10.24.2011

Love & Business

This amusing, accurate article neatly summarizes the inevitable fate of the dilettante businessperson. I've run into my share of these folk over the years, all of them deafened to warning advice by the siren song of their chosen retail paramour, usually restaurants. Bookstores once got the same romantic, nostalgic treatment, but the internet put a muddy boot on the throat of that particular daydream.

Guess what, dear dreamers? The psychological gap between working in a cafe because it's fun and romantic and doing the exact same thing because you have to is enormous.

Indeed.
Passion is great, loving your work is great, but a business cares not a fig for anything other than the bottom line.

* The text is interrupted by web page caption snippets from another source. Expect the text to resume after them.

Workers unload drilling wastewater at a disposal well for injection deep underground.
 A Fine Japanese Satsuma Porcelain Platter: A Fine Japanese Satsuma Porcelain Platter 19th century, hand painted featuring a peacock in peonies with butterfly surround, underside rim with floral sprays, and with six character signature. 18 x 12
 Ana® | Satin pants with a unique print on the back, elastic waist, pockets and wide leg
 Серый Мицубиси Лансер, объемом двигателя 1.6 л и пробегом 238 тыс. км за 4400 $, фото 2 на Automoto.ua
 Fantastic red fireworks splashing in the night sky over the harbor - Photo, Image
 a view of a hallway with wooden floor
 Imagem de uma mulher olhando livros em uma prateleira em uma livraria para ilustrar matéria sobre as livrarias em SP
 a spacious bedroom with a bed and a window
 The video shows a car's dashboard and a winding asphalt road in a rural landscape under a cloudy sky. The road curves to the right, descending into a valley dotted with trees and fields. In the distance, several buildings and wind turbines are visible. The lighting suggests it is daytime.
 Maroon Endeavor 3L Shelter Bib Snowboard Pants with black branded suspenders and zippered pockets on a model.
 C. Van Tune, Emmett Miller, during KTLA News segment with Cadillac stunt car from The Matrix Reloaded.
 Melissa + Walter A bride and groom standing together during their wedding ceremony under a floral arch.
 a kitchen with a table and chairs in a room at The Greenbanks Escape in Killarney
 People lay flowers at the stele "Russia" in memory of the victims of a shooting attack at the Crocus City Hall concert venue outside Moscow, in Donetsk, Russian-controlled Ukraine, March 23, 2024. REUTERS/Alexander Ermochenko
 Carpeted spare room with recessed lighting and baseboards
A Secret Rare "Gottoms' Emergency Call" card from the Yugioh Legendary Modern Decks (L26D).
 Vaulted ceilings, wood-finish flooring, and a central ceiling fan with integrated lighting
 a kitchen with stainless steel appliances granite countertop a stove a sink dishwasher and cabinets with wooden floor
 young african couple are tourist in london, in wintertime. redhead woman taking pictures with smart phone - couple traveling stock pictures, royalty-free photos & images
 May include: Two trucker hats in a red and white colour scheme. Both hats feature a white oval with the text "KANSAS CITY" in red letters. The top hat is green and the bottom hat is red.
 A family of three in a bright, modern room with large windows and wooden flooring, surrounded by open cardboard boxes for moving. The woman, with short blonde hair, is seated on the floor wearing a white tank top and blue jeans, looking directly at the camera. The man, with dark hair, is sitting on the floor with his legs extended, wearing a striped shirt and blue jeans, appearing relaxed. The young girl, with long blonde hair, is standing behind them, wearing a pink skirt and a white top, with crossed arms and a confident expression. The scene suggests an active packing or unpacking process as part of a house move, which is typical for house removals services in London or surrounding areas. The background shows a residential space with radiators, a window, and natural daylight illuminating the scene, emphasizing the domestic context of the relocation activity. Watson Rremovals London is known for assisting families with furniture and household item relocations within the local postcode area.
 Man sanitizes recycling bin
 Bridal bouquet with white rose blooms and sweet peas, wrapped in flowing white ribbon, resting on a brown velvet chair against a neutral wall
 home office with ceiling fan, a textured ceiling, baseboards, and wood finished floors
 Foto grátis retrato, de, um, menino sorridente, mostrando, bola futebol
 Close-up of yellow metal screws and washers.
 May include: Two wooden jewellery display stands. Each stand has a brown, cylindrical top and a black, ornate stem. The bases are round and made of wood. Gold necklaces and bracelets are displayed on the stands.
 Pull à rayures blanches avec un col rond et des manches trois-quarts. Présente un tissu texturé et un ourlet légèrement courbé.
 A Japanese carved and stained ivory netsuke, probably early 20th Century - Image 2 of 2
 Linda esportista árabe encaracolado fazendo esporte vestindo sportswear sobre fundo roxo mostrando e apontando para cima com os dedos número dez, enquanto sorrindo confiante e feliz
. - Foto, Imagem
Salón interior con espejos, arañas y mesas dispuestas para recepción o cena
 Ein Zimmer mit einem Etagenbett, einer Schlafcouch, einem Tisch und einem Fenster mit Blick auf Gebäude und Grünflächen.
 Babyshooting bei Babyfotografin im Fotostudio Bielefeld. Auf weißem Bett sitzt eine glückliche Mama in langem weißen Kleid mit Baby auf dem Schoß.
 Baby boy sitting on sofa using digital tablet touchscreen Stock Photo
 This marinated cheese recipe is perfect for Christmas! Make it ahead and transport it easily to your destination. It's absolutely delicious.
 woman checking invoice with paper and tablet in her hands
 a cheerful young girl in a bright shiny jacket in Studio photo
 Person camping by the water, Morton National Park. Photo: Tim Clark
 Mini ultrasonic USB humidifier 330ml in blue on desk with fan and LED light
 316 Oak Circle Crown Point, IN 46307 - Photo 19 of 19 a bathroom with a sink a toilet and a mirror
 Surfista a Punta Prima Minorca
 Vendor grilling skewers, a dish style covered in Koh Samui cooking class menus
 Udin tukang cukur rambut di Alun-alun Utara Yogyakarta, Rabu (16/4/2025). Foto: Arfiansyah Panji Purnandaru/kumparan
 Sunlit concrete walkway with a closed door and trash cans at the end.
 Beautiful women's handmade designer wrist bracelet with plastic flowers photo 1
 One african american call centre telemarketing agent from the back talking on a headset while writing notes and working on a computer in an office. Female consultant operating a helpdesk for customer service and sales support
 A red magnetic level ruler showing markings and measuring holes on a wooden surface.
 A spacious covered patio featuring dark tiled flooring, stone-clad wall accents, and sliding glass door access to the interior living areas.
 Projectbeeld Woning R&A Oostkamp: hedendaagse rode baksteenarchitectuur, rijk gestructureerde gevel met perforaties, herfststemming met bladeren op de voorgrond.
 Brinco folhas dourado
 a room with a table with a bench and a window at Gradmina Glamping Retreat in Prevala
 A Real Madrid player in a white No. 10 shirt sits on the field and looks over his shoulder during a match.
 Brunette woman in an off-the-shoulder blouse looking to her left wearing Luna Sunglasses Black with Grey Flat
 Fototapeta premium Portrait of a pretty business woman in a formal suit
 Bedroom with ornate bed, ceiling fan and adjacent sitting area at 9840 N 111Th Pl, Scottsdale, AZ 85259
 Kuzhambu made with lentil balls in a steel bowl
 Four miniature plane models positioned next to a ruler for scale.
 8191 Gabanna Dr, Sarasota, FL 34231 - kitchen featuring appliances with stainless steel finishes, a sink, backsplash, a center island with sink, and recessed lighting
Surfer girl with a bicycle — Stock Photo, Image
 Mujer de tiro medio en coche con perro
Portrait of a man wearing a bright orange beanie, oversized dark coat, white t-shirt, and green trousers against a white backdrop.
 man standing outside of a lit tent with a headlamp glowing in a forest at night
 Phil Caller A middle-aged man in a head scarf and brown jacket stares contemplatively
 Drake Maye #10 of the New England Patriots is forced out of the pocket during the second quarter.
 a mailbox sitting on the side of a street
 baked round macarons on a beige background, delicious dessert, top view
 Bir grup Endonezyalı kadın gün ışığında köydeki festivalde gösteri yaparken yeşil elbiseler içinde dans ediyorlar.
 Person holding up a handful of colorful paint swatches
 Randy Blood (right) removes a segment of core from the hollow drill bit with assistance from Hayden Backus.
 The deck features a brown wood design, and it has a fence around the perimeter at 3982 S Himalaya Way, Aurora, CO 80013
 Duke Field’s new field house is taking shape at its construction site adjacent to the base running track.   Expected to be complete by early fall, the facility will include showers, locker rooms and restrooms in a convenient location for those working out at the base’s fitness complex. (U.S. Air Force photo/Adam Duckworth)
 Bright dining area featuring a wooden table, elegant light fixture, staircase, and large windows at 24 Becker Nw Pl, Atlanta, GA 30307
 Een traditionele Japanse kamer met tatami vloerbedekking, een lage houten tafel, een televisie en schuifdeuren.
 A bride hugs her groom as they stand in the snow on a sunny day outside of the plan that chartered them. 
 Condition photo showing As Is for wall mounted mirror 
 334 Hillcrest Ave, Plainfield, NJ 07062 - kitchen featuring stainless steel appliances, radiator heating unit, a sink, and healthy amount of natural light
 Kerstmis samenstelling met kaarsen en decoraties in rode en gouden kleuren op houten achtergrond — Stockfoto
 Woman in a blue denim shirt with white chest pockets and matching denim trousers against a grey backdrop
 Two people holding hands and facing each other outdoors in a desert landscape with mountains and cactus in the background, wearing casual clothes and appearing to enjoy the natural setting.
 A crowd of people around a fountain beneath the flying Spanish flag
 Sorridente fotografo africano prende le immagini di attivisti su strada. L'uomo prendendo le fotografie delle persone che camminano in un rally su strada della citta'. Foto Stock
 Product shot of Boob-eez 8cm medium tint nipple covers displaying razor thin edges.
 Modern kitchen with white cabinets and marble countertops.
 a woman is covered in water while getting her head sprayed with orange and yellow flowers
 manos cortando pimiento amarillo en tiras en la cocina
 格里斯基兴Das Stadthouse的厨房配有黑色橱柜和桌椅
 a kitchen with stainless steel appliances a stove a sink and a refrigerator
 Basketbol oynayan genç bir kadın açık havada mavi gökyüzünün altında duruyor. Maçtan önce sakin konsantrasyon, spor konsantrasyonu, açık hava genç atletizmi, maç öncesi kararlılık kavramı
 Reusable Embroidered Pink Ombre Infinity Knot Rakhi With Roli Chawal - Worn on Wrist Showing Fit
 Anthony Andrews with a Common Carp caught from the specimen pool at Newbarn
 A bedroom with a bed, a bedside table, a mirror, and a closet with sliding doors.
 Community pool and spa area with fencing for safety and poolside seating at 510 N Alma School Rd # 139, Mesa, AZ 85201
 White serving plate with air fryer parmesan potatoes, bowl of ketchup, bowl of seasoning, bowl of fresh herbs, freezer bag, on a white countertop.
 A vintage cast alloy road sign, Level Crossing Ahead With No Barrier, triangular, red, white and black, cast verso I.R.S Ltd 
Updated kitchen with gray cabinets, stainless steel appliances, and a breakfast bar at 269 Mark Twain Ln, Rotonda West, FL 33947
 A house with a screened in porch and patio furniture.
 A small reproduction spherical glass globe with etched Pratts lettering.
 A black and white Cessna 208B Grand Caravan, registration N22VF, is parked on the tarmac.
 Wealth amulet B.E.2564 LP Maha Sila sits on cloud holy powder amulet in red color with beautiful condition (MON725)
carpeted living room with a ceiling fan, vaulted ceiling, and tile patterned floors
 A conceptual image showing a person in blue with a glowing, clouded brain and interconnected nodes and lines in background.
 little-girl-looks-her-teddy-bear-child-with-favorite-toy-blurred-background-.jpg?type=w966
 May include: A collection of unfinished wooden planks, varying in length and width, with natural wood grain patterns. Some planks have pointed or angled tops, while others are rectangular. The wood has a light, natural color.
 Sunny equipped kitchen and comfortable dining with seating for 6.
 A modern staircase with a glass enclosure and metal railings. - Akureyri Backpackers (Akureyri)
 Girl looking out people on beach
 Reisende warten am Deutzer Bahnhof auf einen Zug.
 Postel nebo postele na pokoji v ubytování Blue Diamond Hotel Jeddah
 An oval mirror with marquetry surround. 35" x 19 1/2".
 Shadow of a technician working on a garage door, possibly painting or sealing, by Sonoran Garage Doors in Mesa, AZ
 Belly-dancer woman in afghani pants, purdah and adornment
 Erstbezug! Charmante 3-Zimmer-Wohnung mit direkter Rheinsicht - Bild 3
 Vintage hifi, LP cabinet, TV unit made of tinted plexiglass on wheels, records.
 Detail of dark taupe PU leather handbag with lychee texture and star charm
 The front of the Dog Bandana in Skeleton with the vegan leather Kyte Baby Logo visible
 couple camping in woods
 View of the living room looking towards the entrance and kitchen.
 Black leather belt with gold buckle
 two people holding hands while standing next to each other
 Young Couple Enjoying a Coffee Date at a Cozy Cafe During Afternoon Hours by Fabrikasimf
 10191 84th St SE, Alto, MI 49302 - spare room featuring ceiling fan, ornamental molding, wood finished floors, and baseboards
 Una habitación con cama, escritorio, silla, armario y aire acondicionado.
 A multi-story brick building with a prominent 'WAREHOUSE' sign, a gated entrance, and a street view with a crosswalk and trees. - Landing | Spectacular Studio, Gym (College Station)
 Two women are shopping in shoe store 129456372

An example, nearly every bookstore opened here in the last 20 years deployed some variation on the cozy armchair/reading nook theme, even Barnes & Noble. It fits the romantic notion of a bookstore as a sort of extension of the customer's personal library, soft and cozy, in defiance of the hard mercantilism of those other types of businesses.

The reality of a comfortable chair is noted by the author thusly:

But how much of it could we sell? Discarding food as a self-canceling expense at best, the coffee needed to account for all of our profit. We needed to sell roughly $500 of it a day. This kind of money is only achievable through solid foot traffic, but, of course, our cafe was too cozy and charming to pop in for a cup to go. The average coffee-to-stay customer nursed his mocha (i.e., his $5 ticket) for upward of 30 minutes. Don't get me started on people with laptops.

A bookstore is different from a cafe, in that you don't need to actively court turnover to make your nut. But what happens is your comfortable chairs attract not customers, but campers. Vagrants who want to take a load off and read a free book, students who prefer studying in a calm, pleasant store to their own squalid, student infested dwellings. And these non-customers prevent customers from using the chairs as you intended- as an inviting transition between the bookshelves and the cash register.

Too many retail entrepreneurs cling to their vision of that cozy chair long after it's been colonized by confirmed non-customers. Being in business demands a certain level of gimlet-eyed realism, ideally swept basilisk-like across the vista before the doors open wide.